Exercise brief: Print all of the records. Exclude the images.

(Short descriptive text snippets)
______________________________

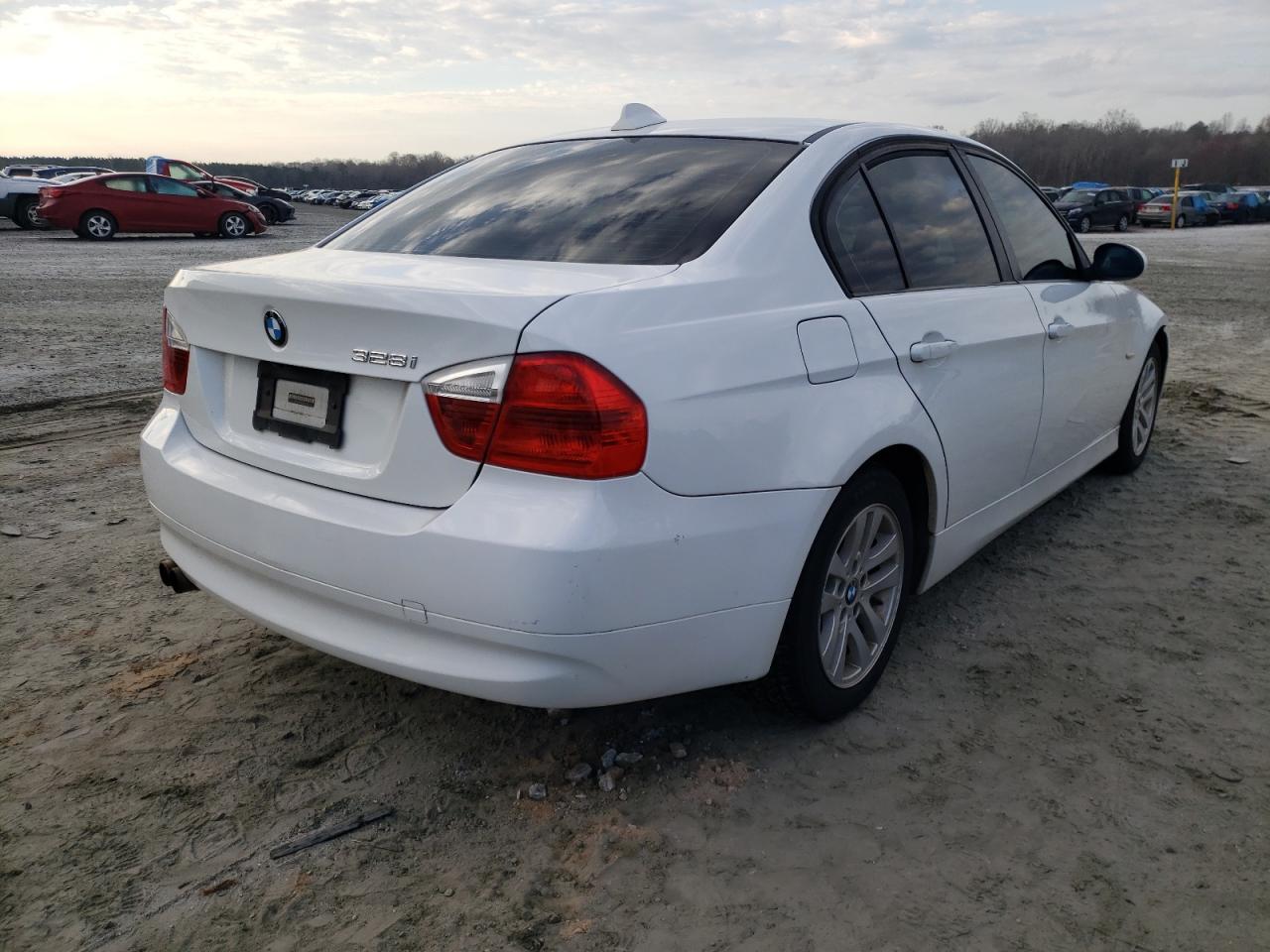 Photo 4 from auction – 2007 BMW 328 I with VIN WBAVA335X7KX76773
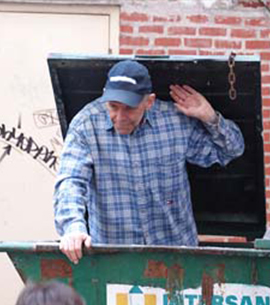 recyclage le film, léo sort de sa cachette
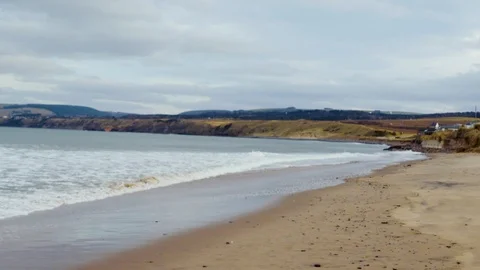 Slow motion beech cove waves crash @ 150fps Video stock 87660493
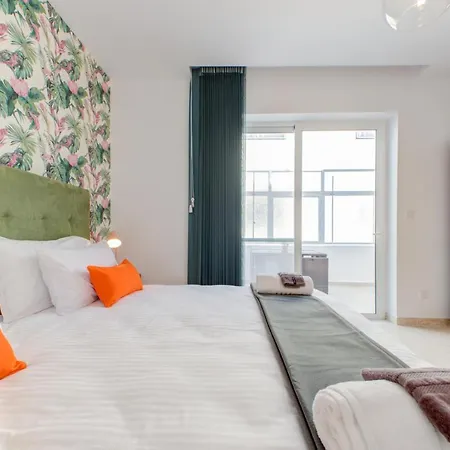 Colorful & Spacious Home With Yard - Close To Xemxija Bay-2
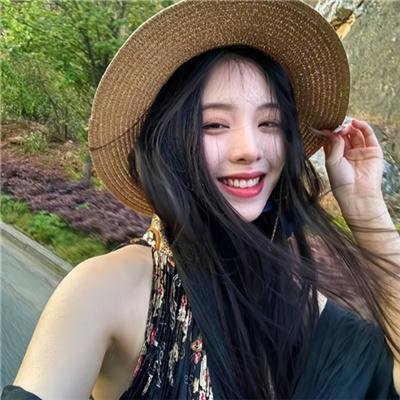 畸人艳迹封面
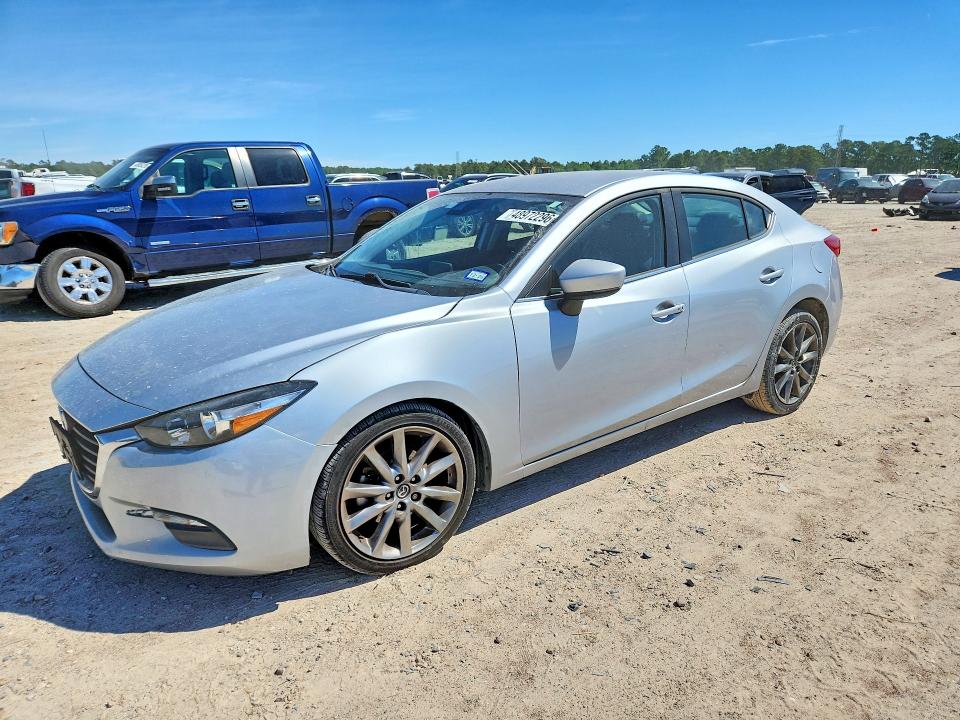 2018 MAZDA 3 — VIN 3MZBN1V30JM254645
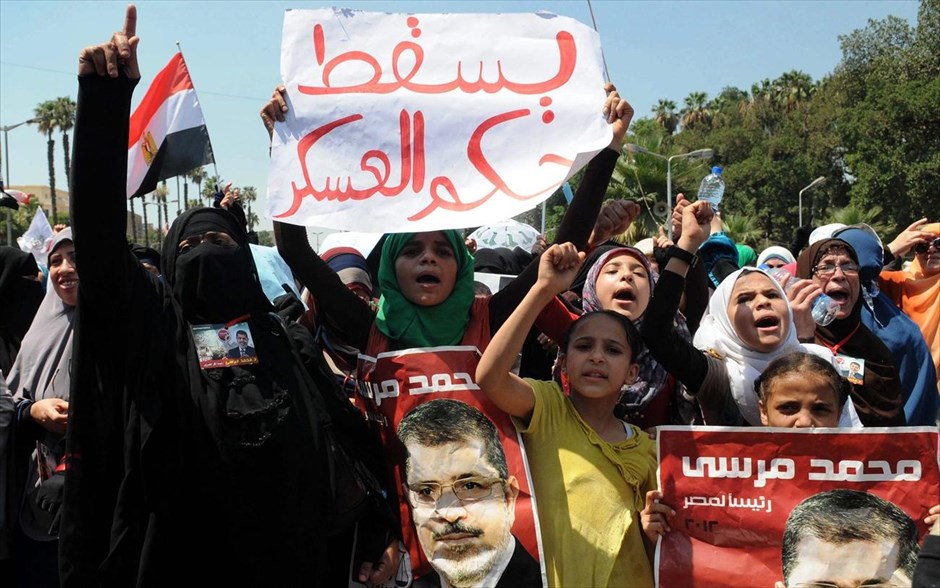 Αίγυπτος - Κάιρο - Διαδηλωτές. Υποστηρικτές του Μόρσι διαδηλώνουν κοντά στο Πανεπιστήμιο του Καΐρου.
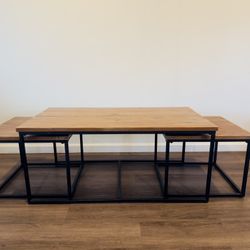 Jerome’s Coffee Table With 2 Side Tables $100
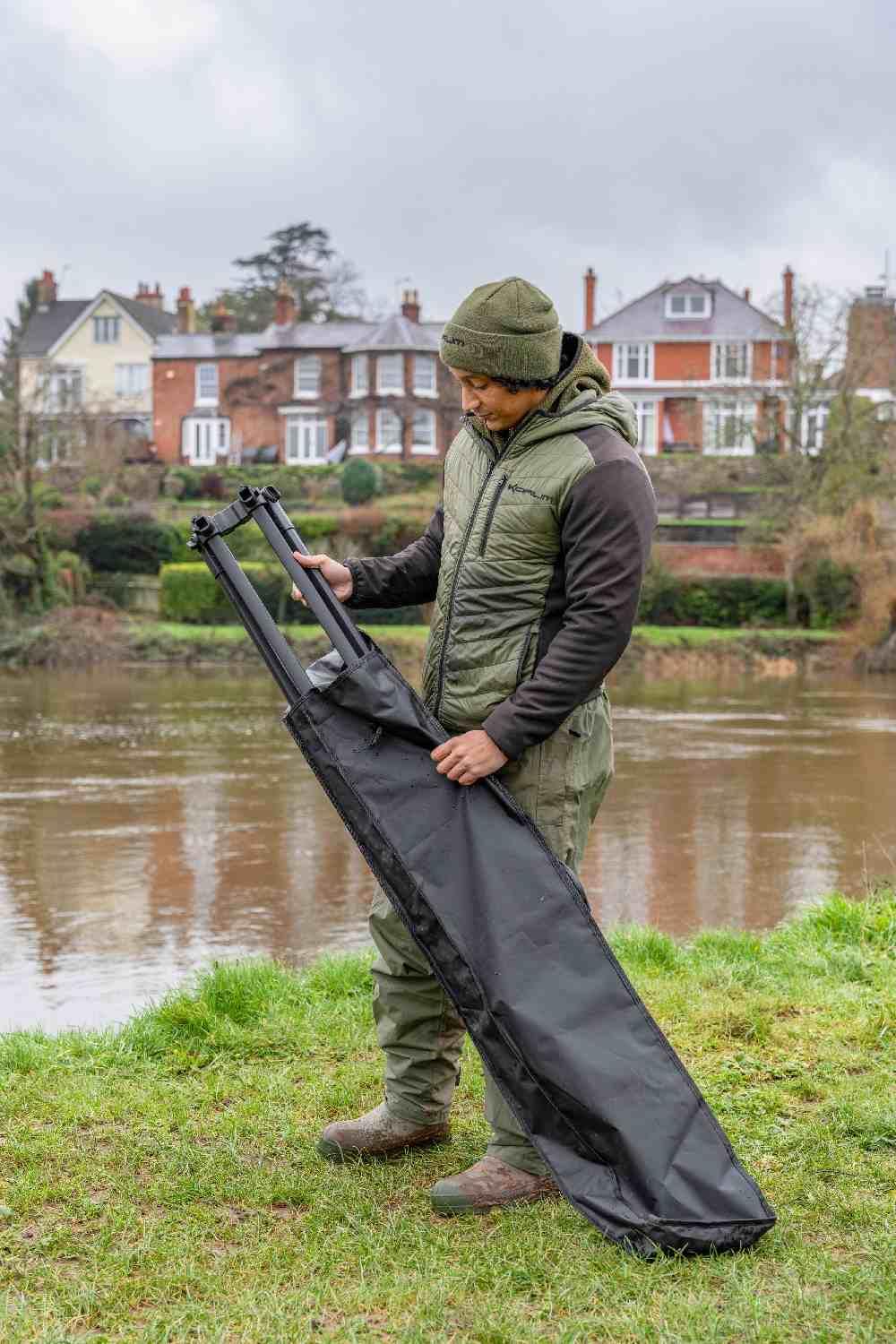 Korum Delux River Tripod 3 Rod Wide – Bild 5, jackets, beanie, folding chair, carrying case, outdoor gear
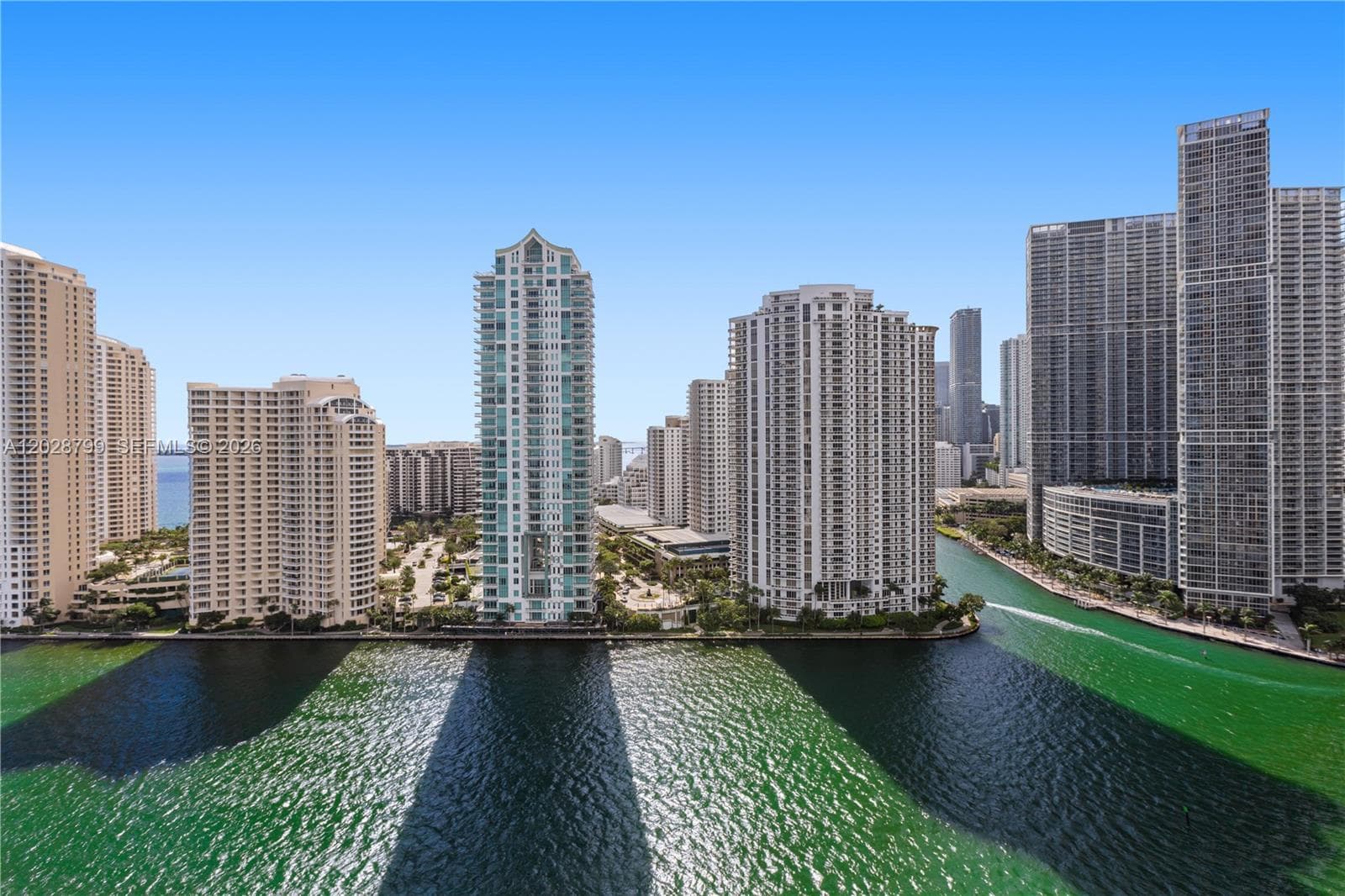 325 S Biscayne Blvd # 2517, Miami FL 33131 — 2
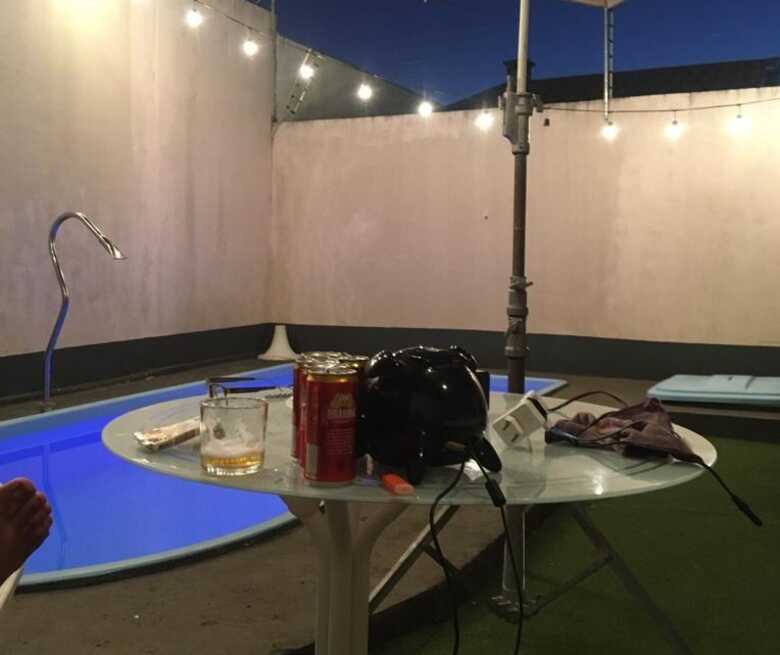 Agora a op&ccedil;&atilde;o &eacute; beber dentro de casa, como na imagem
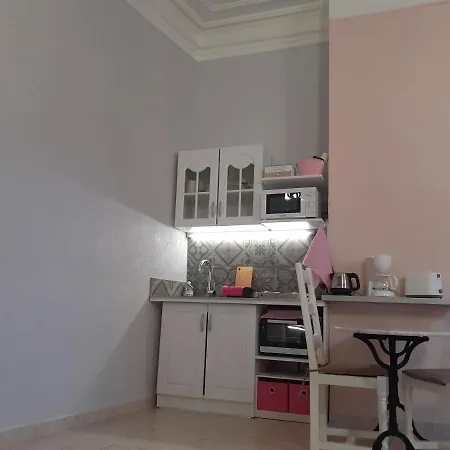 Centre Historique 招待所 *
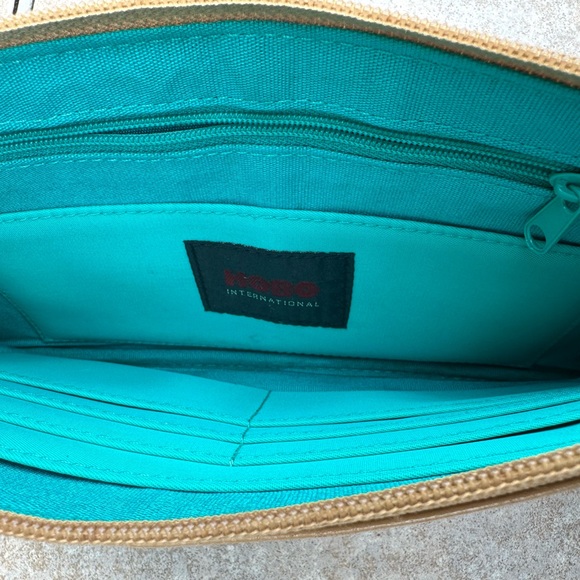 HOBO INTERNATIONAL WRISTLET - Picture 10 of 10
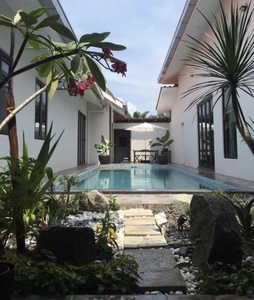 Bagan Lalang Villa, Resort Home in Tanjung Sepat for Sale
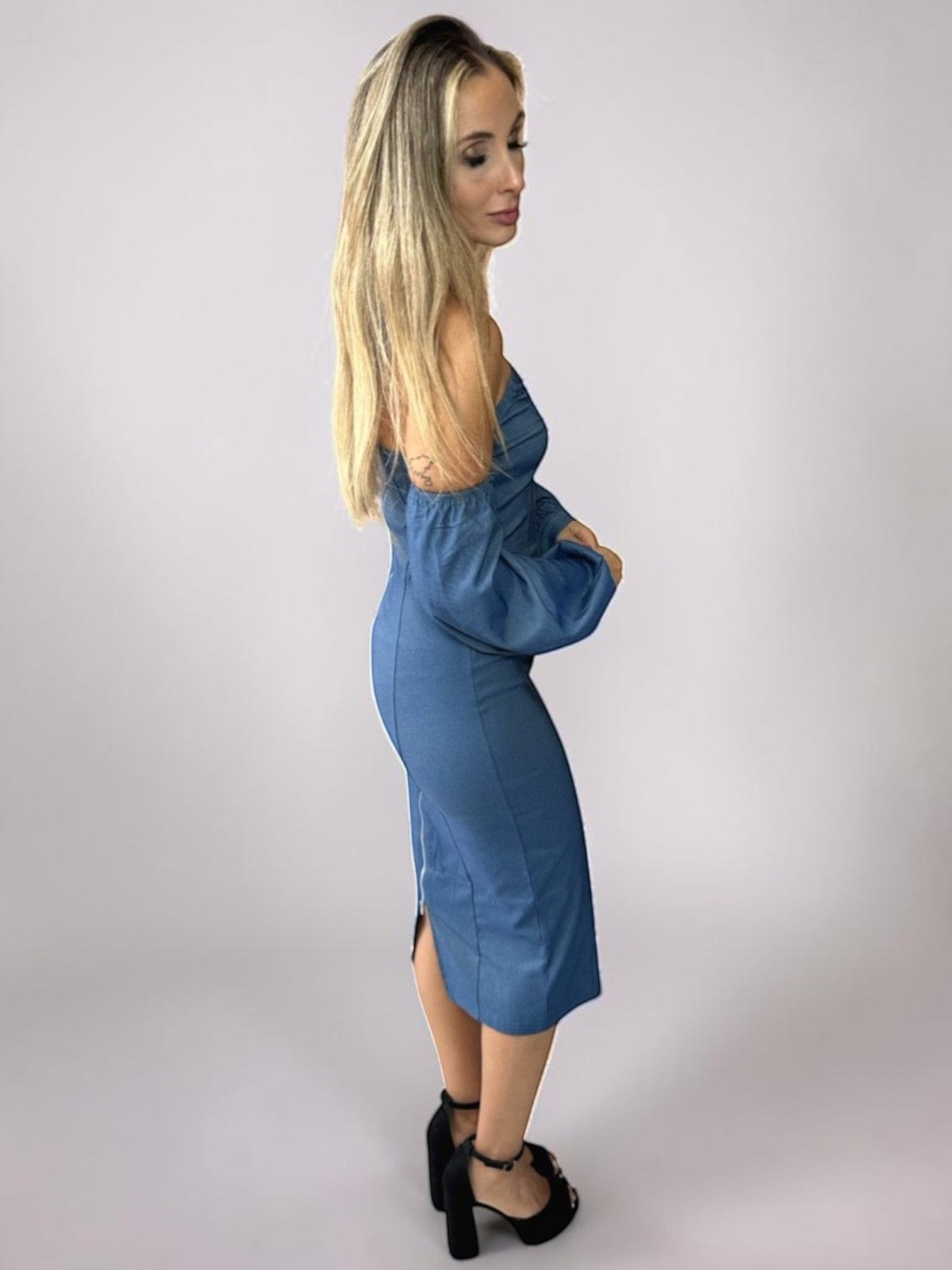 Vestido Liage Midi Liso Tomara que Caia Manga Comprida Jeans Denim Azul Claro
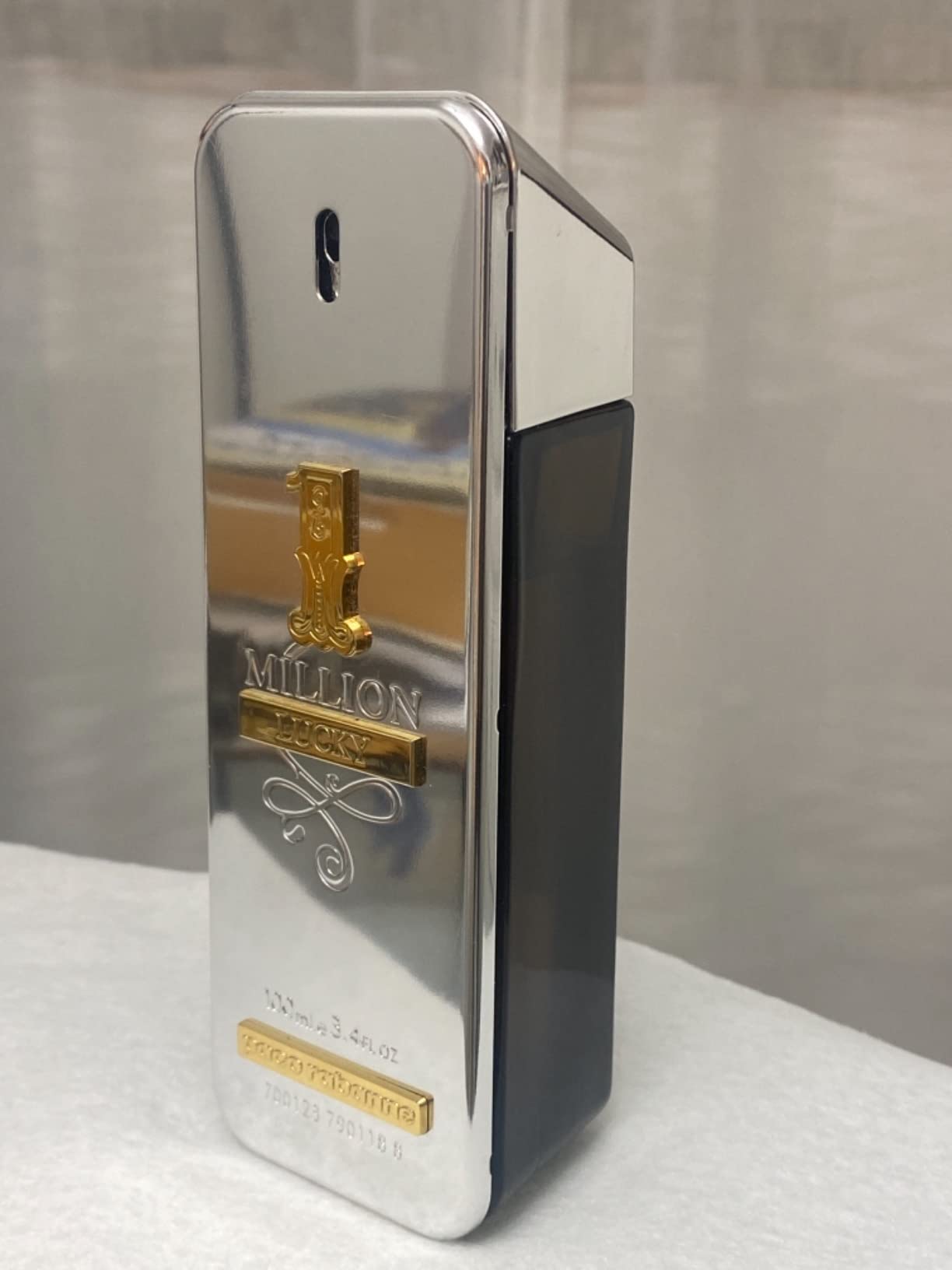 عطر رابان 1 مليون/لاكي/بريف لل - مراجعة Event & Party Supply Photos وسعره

______________________________

Solved problem:
 Photo 4 from auction – 2007 BMW 328 I with VIN WBAVA335X7KX76773
 recyclage le film, léo sort de sa cachette
 Slow motion beech cove waves crash @ 150fps Video stock 87660493
 Colorful & Spacious Home With Yard - Close To Xemxija Bay-2
 畸人艳迹封面
 2018 MAZDA 3 — VIN 3MZBN1V30JM254645
 Αίγυπτος - Κάιρο - Διαδηλωτές. Υποστηρικτές του Μόρσι διαδηλώνουν κοντά στο Πανεπιστήμιο του Καΐρου.
 Jerome’s Coffee Table With 2 Side Tables $100
 Korum Delux River Tripod 3 Rod Wide – Bild 5, jackets, beanie, folding chair, carrying case, outdoor gear
 325 S Biscayne Blvd # 2517, Miami FL 33131 — 2
 Agora a op&ccedil;&atilde;o &eacute; beber dentro de casa, como na imagem
 Centre Historique 招待所 *
 HOBO INTERNATIONAL WRISTLET - Picture 10 of 10
 Bagan Lalang Villa, Resort Home in Tanjung Sepat for Sale
 Vestido Liage Midi Liso Tomara que Caia Manga Comprida Jeans Denim Azul Claro
 عطر رابان 1 مليون/لاكي/بريف لل - مراجعة Event & Party Supply Photos وسعره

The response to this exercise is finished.